[EXCERPTED RECORDS]
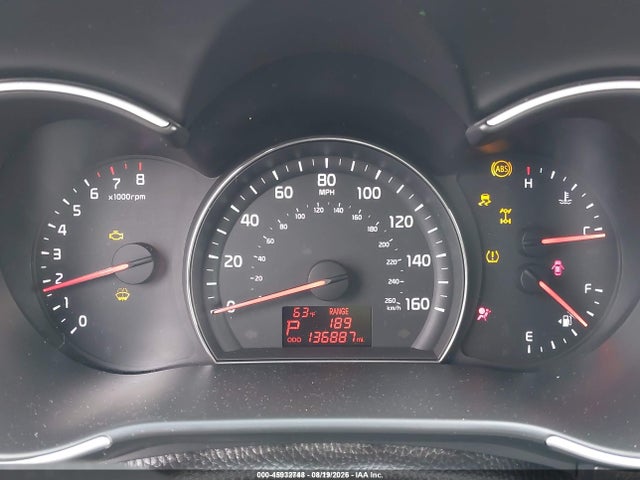 2015 Kia Sorento Lx მანქანა იყიდება აუქციონზე, vin: 5XYKTCA61FG591916, აუქციონის ნომერი: 45932748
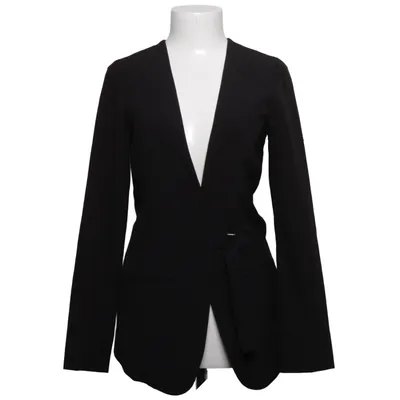 Blazer (Noir) de Charlotte Russe Élasthane, Polyester, Viscose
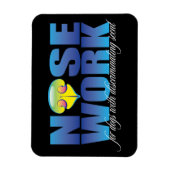 Kaninchennahrung für Hunde mit unterschiedlichem G Magnet (Vertikal)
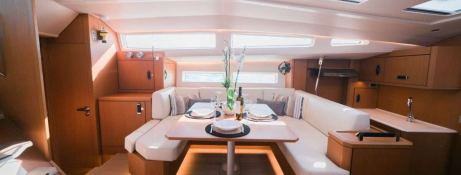 EUPHORIA  Jeanneau Jeanneau 60 Interior 12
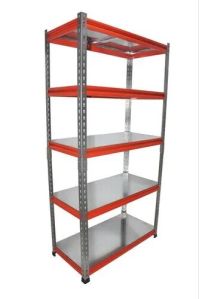 Slotted Angle Rack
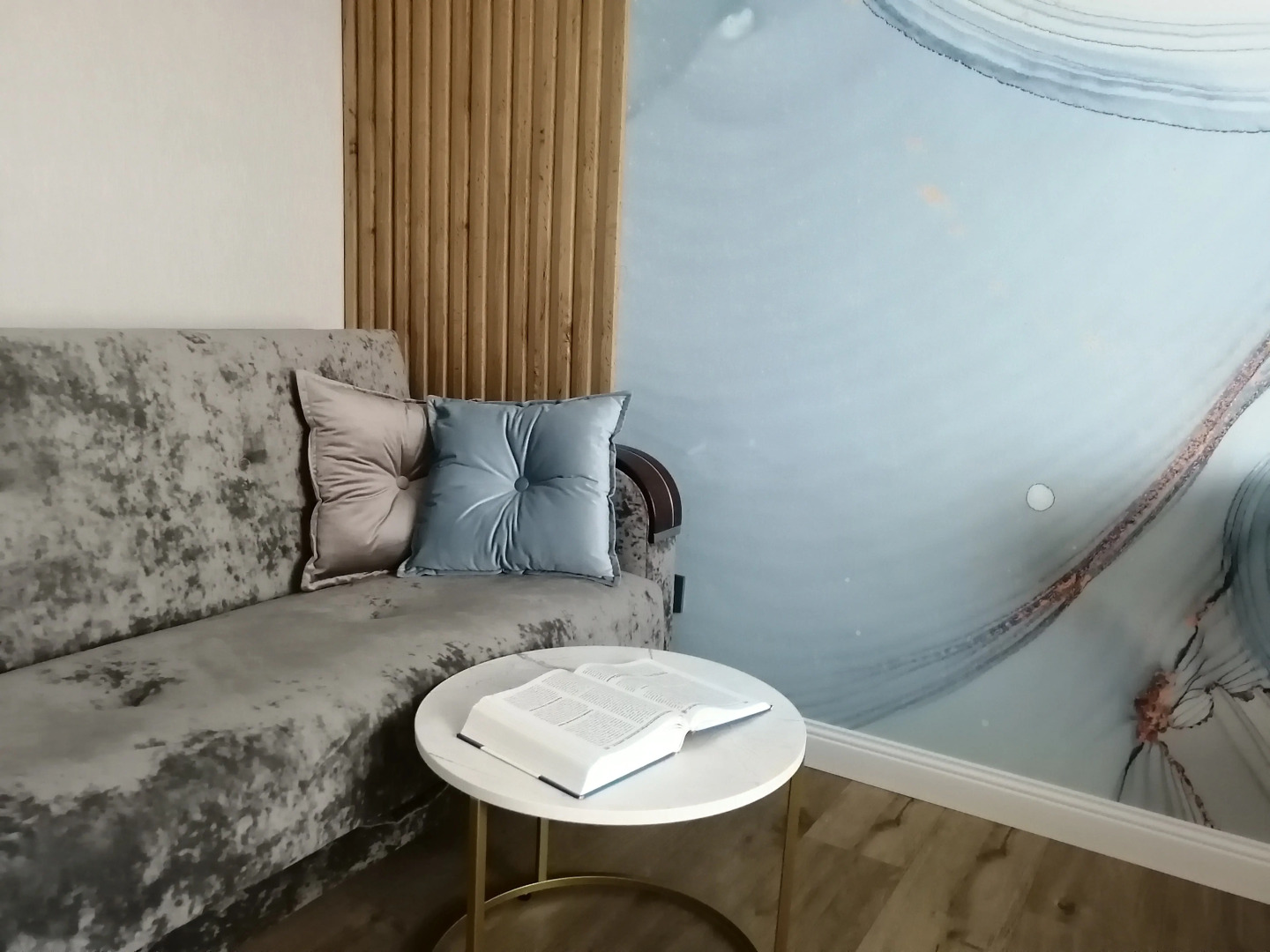 Квартира в ЖК Венецианский квартал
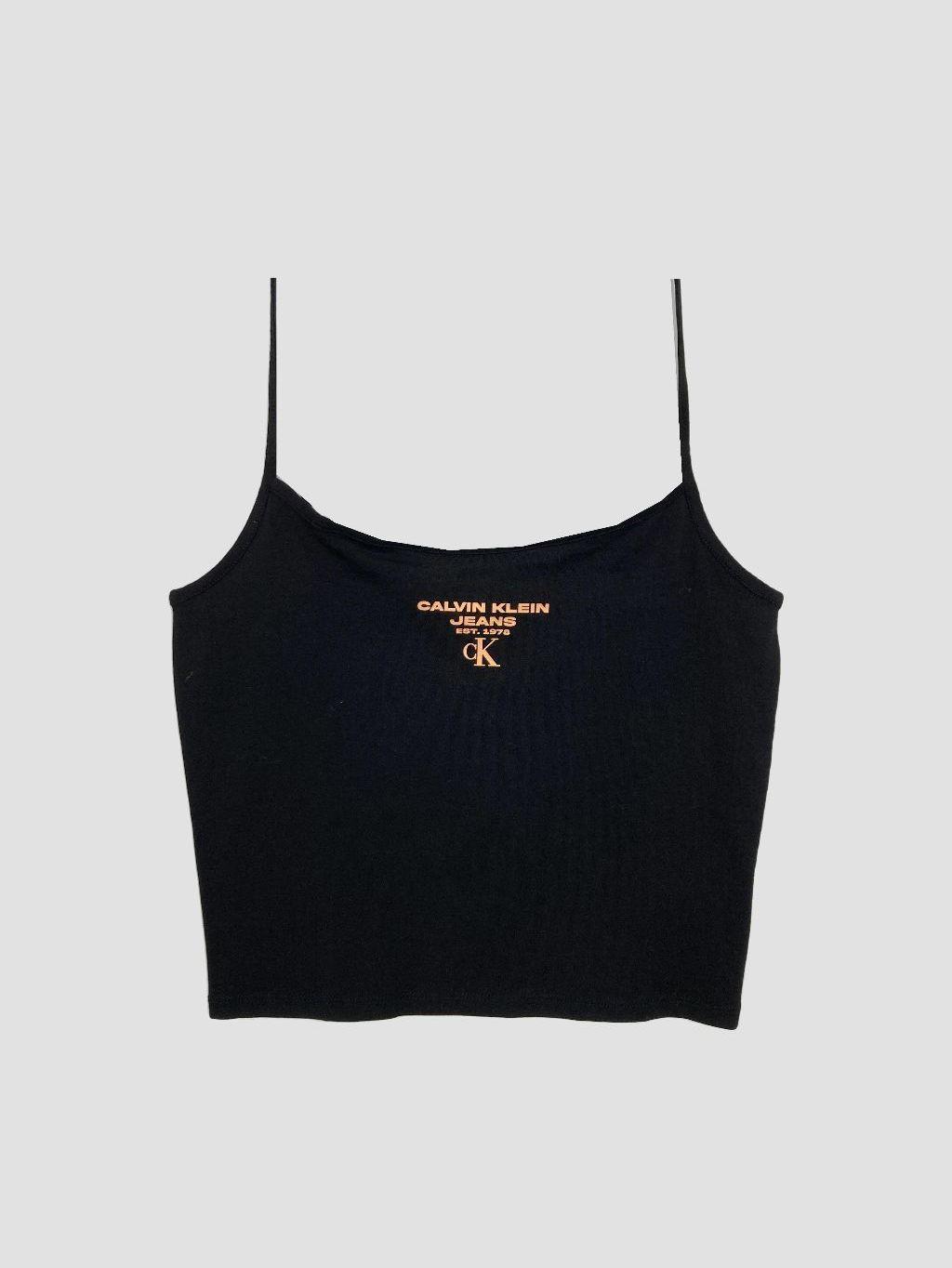 Top CALVIN KLEIN - Talla M (VOP01076009)-0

[THE PROBLEM] An exact repetition of the listing is needed, with the pictures dropped.

[YOUR RESPONSE]
 2015 Kia Sorento Lx მანქანა იყიდება აუქციონზე, vin: 5XYKTCA61FG591916, აუქციონის ნომერი: 45932748
 Blazer (Noir) de Charlotte Russe Élasthane, Polyester, Viscose
 Kaninchennahrung für Hunde mit unterschiedlichem G Magnet (Vertikal)
 EUPHORIA  Jeanneau Jeanneau 60 Interior 12
 Slotted Angle Rack
 Квартира в ЖК Венецианский квартал
 Top CALVIN KLEIN - Talla M (VOP01076009)-0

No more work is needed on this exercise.